None of those 2 is optimal. If I would be able to get the (whole tree) of selected fields at least in the 1st level resolver ( but preferably in any resolver) I could make a smart preloader of relations that would load just enough.

I have already everything in place, all I need now is this tree of selectors :)

I would prefer (just a personal preference) it is passed by argument directly to the resolver func (optional if detected by reflection).

darh avatar Apr 10 '18 17:04 darh

@tonyghita

We are using DGraph as a database and having the selection set helps us convert a GraphQL query into a DGraph query. Or at least know which fields/nodes we need to pull from the DB. We do not want to pull all the nodes & reverse nodes and then figure out what to send back to client.

May I ask, how are you interacting with db?

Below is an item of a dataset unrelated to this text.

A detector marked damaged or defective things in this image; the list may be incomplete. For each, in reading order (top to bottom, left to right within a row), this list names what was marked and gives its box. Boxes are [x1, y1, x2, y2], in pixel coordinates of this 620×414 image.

Are you pulling everything from DB and filtering what to send back to client in the app?

0xSalman avatar Apr 10 '18 17:04 0xSalman

@salmana1 We don't interact with any databases directly—instead we make service requests to hundreds of data services which front databases.

The databases are denormalized (generally joins happen in the application layer). We haven't really had to care if we are over-fetching from services since it all happens within the same network, so generally the costs of over-fetching at this level are neglible.

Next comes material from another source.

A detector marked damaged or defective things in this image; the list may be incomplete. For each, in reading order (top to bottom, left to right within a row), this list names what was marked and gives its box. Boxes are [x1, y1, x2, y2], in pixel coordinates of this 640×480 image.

This is the approach I've tried to demonstrate in https://github.com/tonyghita/graphql-go-example

tonyghita avatar Apr 10 '18 18:04 tonyghita

Hi,

@tonyghita My use case (currently we are using apollo-server with nodejs, providing the possibility to get tree field on the resolver level). We are creating an application for displaying TV programs and associated videos.

The (simplified) schema :

type Video {
  id: ID!,
  title: String!
  duration: Int!,
  img: String!
}

type VideosConnector {
  offset: Int!,
  hasNext: Boolean,
  total: Int!,
  items: [Video!],
}

type Program {
  id: ID!,
  name: String!,
  category: String!
  img: String!,
  videos(offset: Int = 0, limit: Int = 20): VideoConnectors
}

type ProgramConnector {
  offset: Int!,
  hasNext: Boolean,
  total: Int!,
  items: [Program!], 
}

type Query {
  getLastPrograms(offset: Int = 0, limit: Int = 20): ProgramConnector,
  getProgramsByCategory(category: String!, offset: Int = 0, limit: Int = 20): ProgramConnector,
  searchPrograms(search: String!, offset: Int = 0, limit: Int = 20): ProgramConnector,
  getProgramById(id: ID!): Program,
}

Screens : The homepage of the app displays the last programs, and a selection of programs ordered by categories. For each programs the app display the program name, his picture and the total of available videos. The request looks like that :

fragment Prg on Program {
  id name category img
  videos { total }
}

{
  getLastPrograms {
    total offset hasNext
    items { ...Prg }
  }
  series : getProgramsByCategory(category:"series") {
    total offset hasNext
    items { ...Prg }
  }
  tv_show : getProgramsByCategory(category:"tv_show") {
    total offset hasNext
    items { ...Prg }
  }
  news : getProgramsByCategory(category:"news") {
    total offset hasNext
    items { ...Prg }
  }
}

When an user select a program the app displays a program page with all the associated videos. The request looks like that :

{
  getProgramById(id:"1234-5678-01234") {
    id name category img
    videos {
       total offset hasNext
       items {
          id title img duration
       }
    }
  }
}

Resolvers : In these requests, the app asks for VideoConnector node. In the first case, just to get the total of videos associated to a program, in the second to get the all the videos.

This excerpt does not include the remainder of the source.